● GOAL OF THE EXERCISE: Repeat exactly, and only, the lines below starting at the line that contains "冬天的男孩ロシアの村の霧日の出 — 图库照片" and ending at the line that contains "Women's Clothing Retro", inclusive of both.
[INPUT RECORDS]
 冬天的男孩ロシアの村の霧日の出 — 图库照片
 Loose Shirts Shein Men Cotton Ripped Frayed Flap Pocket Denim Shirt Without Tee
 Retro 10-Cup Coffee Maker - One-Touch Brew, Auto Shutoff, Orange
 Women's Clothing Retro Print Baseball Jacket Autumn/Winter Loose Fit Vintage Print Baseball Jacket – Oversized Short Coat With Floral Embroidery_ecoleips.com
[/INPUT RECORDS]
[INPUT RECORDS]
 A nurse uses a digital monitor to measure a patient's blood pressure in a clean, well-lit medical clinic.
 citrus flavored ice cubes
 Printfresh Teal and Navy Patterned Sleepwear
[/INPUT RECORDS]
● COMPLETED TASK:
 冬天的男孩ロシアの村の霧日の出 — 图库照片
 Loose Shirts Shein Men Cotton Ripped Frayed Flap Pocket Denim Shirt Without Tee
 Retro 10-Cup Coffee Maker - One-Touch Brew, Auto Shutoff, Orange
 Women's Clothing Retro Print Baseball Jacket Autumn/Winter Loose Fit Vintage Print Baseball Jacket – Oversized Short Coat With Floral Embroidery_ecoleips.com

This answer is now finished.